Speaker
Description
Particle Deposition Measurements in the Cleanroom of the ETPathfinder
Research into the influence of the Beamsplitter assembly process on particle deposition
Author:
Levon Mnoyan
Affiliations:
1. Zuyd University of Applied Sciences, Heerlen
2. SAC-Nederland, Kerkrade
3. ETPathfinder, Maastricht (Maastricht University)
Topic: Particle deposition measurements during construction of the beamsplitter
Keywords: Particle deposition, cleanliness, beamsplitter, contamination risk.
Referred presentation type: No preference
Particle deposition is a fundamental factor for the performance of optical components within the Einstein Telescope, as contamination can reduce optical accuracy and disrupt the ultra-high vacuum (UHV). This work focuses on the question: What is the effect of the mechanical, electrical, and optical assembly phases of a beamsplitter on particle deposition in the cleanroom of the ETPathfinder in Maastricht, in accordance with the ISO 14644 standard? The standard emphasizes the classification of air purity; specifically, ISO 14644-17: Particle deposition rate applications is examined.
The research itself was conducted in collaboration with SAC-Netherlands and the ETPathfinder facility, an R&D environment in preparation for the Einstein Telescope, and focuses on the beamsplitter assembly process. Measurements were performed in the cleanroom within the Faculty of Science and Engineering (FSE, Maastricht) using a Particle Deposition Monitor (PDM), in which particle counts, size distributions, and the Particle Deposition Rate (PDR) were analyzed for various assembly phases. Furthermore, it measures particle counts per unit area (PAC). The PDM is an optical instrument that analyzes particles; it was developed, manufactured, and supplied by SAC-Nederland.

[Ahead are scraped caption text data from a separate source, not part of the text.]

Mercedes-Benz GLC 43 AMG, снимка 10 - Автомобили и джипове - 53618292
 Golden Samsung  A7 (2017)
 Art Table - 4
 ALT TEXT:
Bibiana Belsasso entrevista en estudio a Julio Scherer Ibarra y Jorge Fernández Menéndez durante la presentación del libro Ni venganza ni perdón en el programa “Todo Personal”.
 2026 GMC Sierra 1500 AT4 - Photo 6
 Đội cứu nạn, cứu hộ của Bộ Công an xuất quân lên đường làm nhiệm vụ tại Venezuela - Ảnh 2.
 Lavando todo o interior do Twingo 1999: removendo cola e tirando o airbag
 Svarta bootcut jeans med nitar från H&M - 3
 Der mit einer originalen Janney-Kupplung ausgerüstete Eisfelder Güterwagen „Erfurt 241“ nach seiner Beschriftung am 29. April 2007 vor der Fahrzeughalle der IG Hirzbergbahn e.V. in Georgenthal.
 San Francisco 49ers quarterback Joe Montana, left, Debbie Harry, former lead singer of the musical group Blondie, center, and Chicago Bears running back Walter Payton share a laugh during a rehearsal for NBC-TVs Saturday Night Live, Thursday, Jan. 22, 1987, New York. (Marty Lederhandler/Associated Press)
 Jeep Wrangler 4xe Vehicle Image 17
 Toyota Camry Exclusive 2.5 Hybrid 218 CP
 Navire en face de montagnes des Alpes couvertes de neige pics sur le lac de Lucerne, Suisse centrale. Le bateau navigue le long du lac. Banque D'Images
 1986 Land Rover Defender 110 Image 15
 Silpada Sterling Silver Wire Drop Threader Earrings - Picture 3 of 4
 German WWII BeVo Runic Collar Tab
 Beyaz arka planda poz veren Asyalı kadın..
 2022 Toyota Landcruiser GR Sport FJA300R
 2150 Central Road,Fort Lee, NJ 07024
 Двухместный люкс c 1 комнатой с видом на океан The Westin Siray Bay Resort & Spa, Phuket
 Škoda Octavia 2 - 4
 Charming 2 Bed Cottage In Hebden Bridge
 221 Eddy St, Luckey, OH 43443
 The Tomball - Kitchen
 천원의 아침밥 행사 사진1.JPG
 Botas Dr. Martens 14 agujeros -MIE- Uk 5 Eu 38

The results show that the mechanical and electrical assembly phases, in particular, contribute the most to particle deposition, with a maximum PDR of 51,500 particles/m²/hour and dominant particle sizes between 15 µm and 40 µm. Important sources of contamination are human activity, material movement, and inconsistent adherence to cleanroom protocols.
Although all measurements comply with the ISO Class 8 standard, they prove insufficient for UHV applications such as beam splitters. The results emphasize the need for stricter contamination control to ensure the performance and reliability of optical components within the Einstein Telescope and Einstein Telescope Pathfinder.